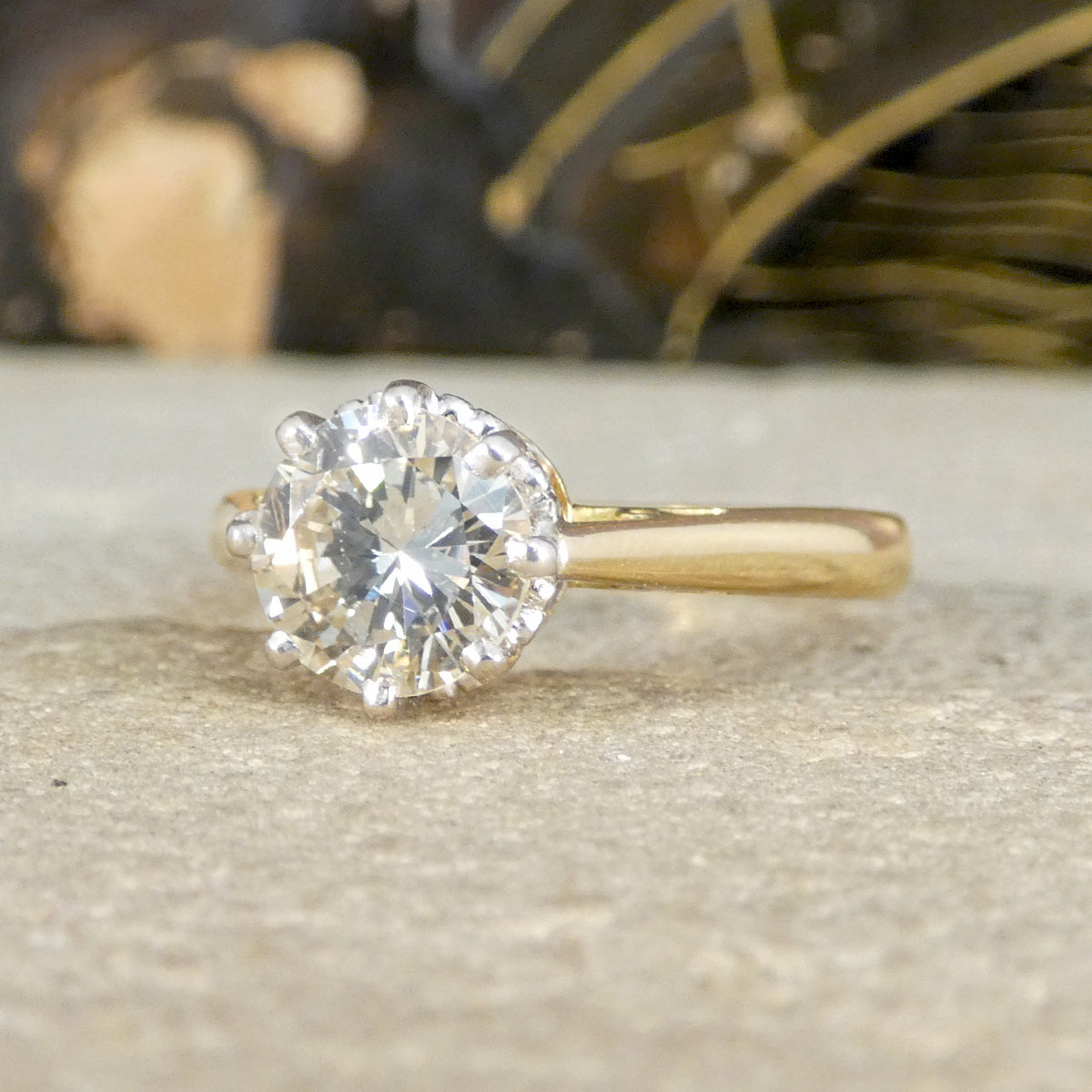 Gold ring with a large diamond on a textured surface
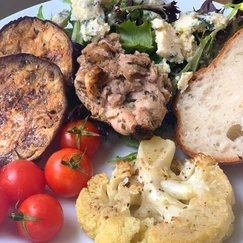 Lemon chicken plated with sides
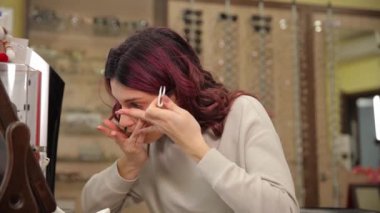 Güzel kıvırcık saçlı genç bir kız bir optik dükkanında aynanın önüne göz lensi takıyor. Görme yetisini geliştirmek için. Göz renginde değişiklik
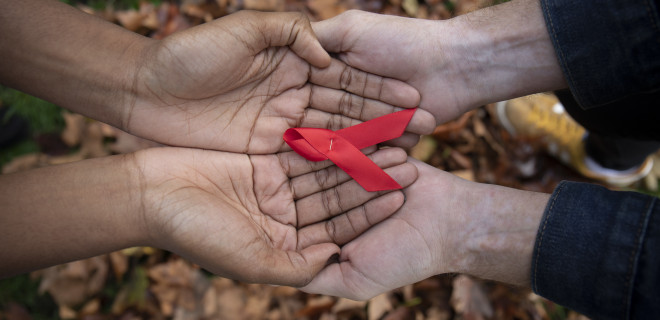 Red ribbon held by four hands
::::::::
ASSIGNED TASK - Leaving the pictures out, write out all the material above exactly.

EXERCISE RESULT -
 Gold ring with a large diamond on a textured surface
 Lemon chicken plated with sides
 Güzel kıvırcık saçlı genç bir kız bir optik dükkanında aynanın önüne göz lensi takıyor. Görme yetisini geliştirmek için. Göz renginde değişiklik
 Red ribbon held by four hands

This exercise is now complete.